◆ WHAT THE TASK REQUIRES: Using the entries below, quote exactly the span of lines that begins with the line containing "Fashion Show FIN" and ends with the final line.

◆ SUPPLIED RECORDS:
##########

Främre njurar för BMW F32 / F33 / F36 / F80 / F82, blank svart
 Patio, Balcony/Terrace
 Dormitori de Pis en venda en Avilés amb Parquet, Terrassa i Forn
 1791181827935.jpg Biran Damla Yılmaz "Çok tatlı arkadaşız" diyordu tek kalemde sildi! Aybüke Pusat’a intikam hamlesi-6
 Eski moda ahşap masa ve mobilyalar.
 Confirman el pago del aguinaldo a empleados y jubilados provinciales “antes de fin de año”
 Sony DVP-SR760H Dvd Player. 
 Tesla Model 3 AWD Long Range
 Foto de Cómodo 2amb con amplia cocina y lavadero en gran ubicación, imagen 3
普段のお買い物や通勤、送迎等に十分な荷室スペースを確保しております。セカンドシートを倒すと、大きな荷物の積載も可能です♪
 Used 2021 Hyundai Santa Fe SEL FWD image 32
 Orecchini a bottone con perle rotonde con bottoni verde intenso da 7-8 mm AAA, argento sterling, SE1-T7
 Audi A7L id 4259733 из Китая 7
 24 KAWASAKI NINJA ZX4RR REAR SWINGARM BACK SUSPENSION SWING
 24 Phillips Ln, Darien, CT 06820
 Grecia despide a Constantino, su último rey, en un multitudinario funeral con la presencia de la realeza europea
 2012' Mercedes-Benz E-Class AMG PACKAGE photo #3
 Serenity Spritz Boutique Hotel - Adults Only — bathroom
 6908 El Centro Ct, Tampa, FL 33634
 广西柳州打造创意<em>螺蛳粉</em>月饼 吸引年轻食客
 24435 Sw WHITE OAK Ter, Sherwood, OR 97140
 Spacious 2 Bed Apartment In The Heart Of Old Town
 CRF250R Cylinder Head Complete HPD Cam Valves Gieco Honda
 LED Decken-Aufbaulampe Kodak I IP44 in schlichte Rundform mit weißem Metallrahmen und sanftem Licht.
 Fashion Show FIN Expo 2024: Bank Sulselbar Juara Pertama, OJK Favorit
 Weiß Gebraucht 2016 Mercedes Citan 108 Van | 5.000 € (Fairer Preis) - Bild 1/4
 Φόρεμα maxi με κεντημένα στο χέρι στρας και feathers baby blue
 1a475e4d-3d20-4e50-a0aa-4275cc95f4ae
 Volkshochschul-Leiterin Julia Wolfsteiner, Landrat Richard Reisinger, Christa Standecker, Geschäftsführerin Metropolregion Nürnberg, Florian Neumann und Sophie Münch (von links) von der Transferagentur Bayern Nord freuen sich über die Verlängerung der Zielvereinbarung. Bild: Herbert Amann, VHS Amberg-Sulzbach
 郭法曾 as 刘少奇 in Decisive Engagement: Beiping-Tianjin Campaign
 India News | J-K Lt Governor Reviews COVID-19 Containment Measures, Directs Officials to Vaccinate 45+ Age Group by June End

##########

◆ ANSWER BOX:
 Fashion Show FIN Expo 2024: Bank Sulselbar Juara Pertama, OJK Favorit
 Weiß Gebraucht 2016 Mercedes Citan 108 Van | 5.000 € (Fairer Preis) - Bild 1/4
 Φόρεμα maxi με κεντημένα στο χέρι στρας και feathers baby blue
 1a475e4d-3d20-4e50-a0aa-4275cc95f4ae
 Volkshochschul-Leiterin Julia Wolfsteiner, Landrat Richard Reisinger, Christa Standecker, Geschäftsführerin Metropolregion Nürnberg, Florian Neumann und Sophie Münch (von links) von der Transferagentur Bayern Nord freuen sich über die Verlängerung der Zielvereinbarung. Bild: Herbert Amann, VHS Amberg-Sulzbach
 郭法曾 as 刘少奇 in Decisive Engagement: Beiping-Tianjin Campaign
 India News | J-K Lt Governor Reviews COVID-19 Containment Measures, Directs Officials to Vaccinate 45+ Age Group by June End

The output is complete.